The Metropolitan Museum of Art, New-York, Etats-Unis © The Metropolitan Museum of Art, Dist. RMN-Grand Palais / image of the MMA

Johan Jongkind

(1819 - 1891)

| Medium : Oil on canvas

Born in the Netherlands, Johan Barthold Jongkind (1819-1891) visited Paris for the first time in 1846. At this occasion he worked on several paintings on the Seine shores, which show his interest for the landscape and the lighting effects on the sky and the water. His oils on canvas were realized in a workshop, after several watercolors made on site.

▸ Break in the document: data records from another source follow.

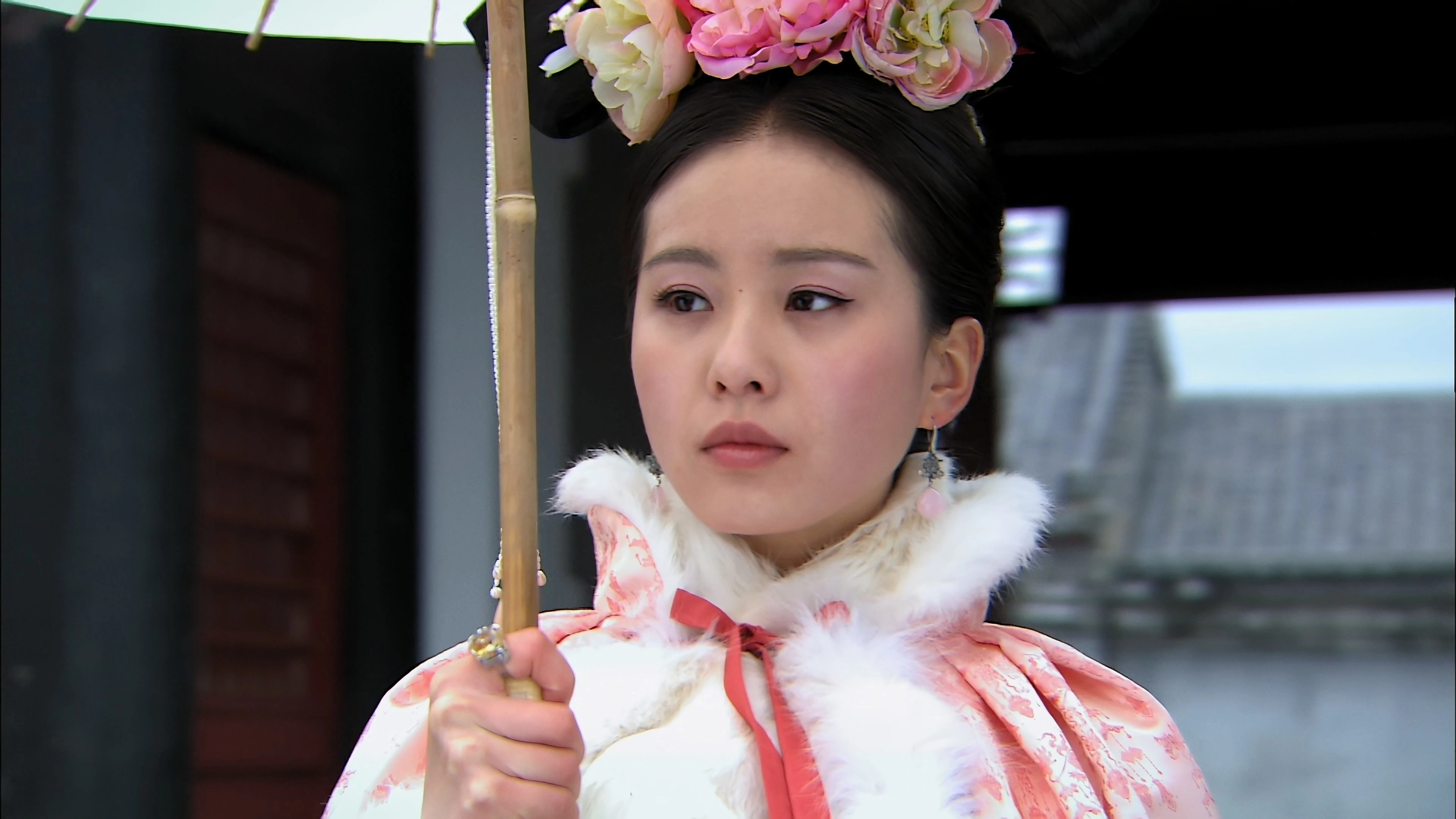 Scarlet Heart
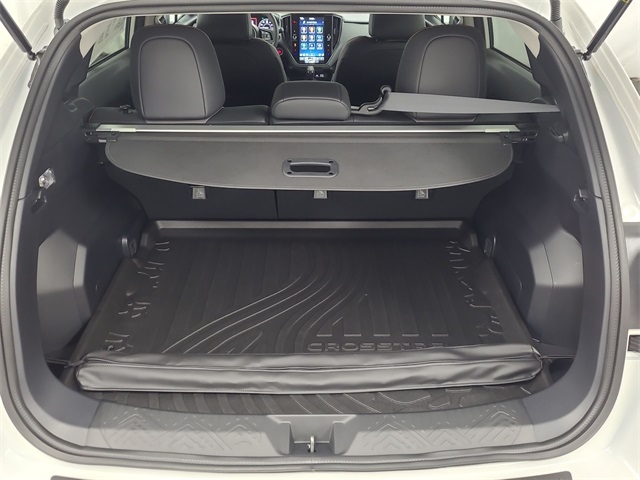 2025 – Subaru – Crosstrek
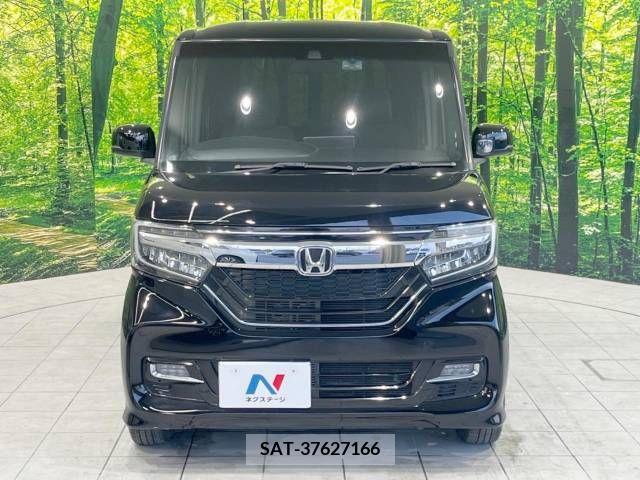 Honda N BOX CUSTOM 2018-02 344068-14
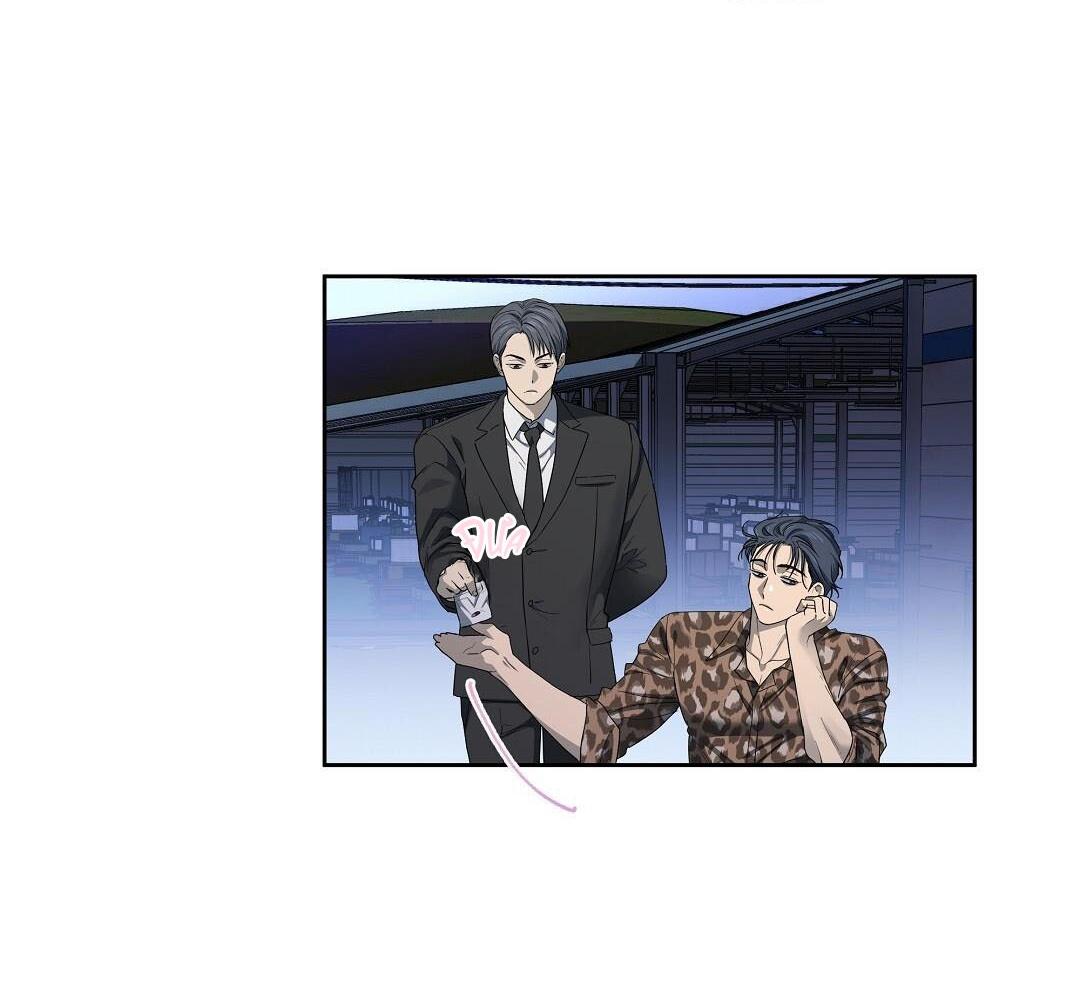 (CBunu) Cherry Cake Chapter 27 - Next Chapter 28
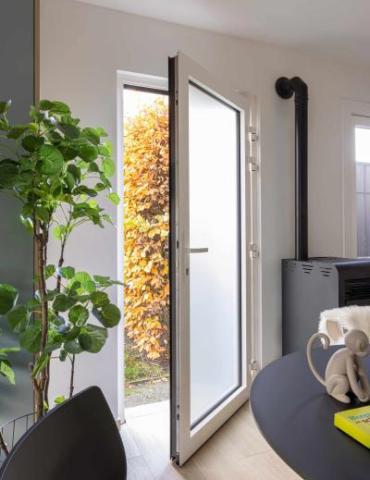 Méér natuurlijk licht en toch veel privacy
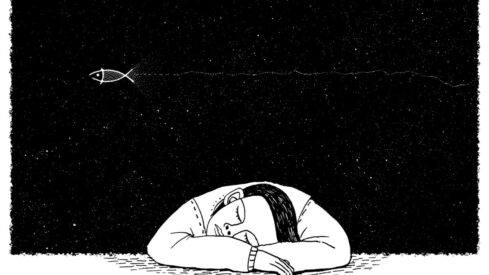 الكلام أثناء النوم.. الأعراض والأسباب وطرق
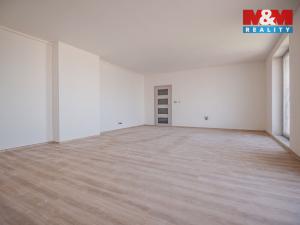 Prodej bytu 2+kk, Nový Jičín, Palackého, 69 m2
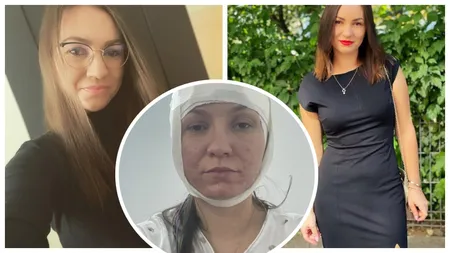 Ioana suferă de 17 ani de epilepsie, iar boala s-a agravat foarte mult în ultimul timp. Singura ei șansă este operația, care costă enorm. Cum o putem ajuta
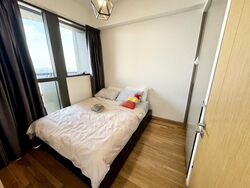 Commonwealth Towers (D3), Condominium #522684961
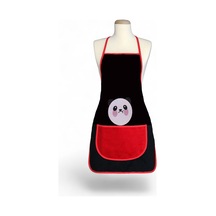 Panda Siyah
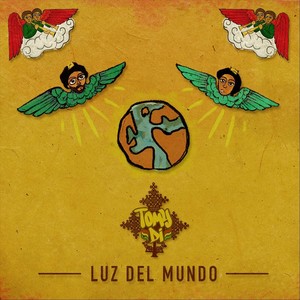 Luz del Mundo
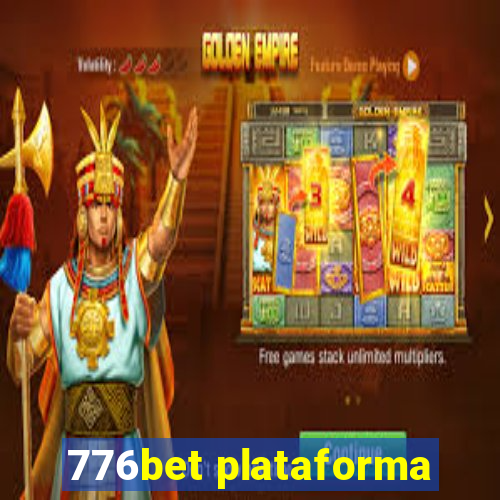 776bet plataforma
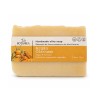 Handcrafted Argan and Turmeric Soap, 90 g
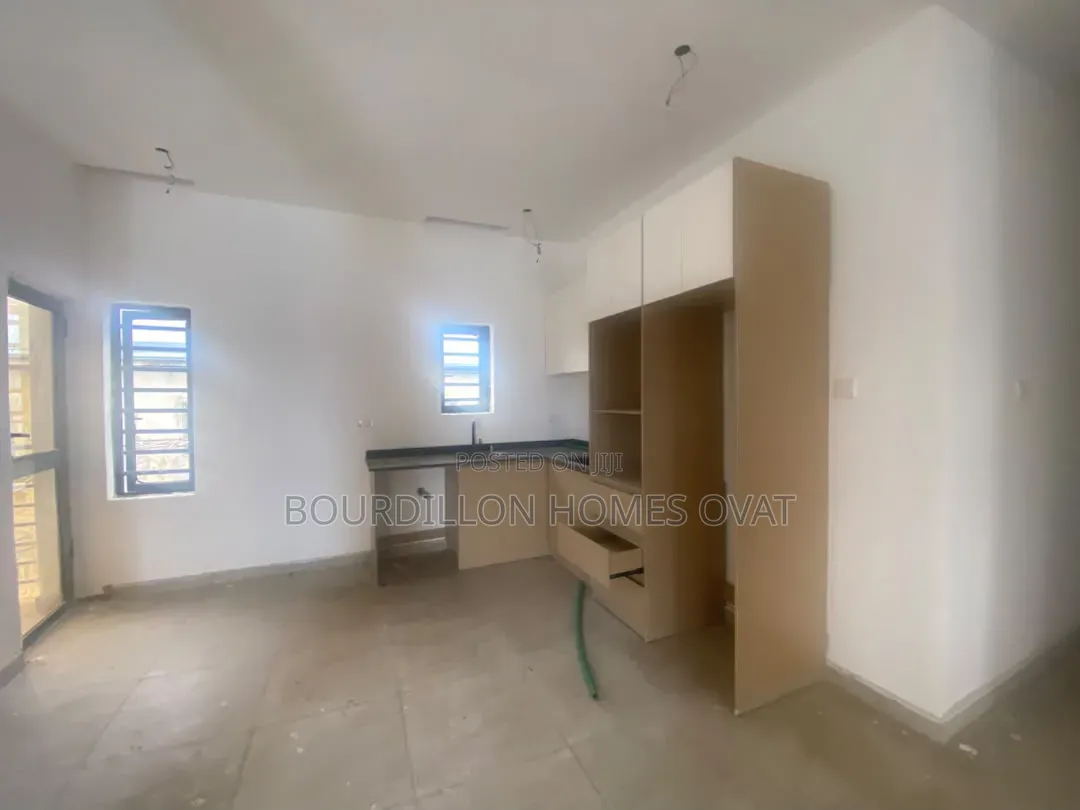 1bdrm Apartment in Ikate Lekki Lagos for rent in Ikate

His paintings often favor broad horizons shrouded in high quality light, inherited from Dutch landscape painters from the 17th century. The artist also admires Corot and the Barbizon school which influenced the light depiction of his work. He likes to represent the everyday life and describes a Paris modern and realistic. In the New Bridge, the painting composition is mainly built by the sky and the diagonal of the river.

Monet, who met Jongkind in 1860, admitted the influence of his predecessor on “the definitive education of his perception”. The painter considerably impacted the Impressionists: even though… they see him as one of their precursors.  The art critic Louis de Fourcaud talks of Jongkind as being “between Corot and Monet, a link between two eras”.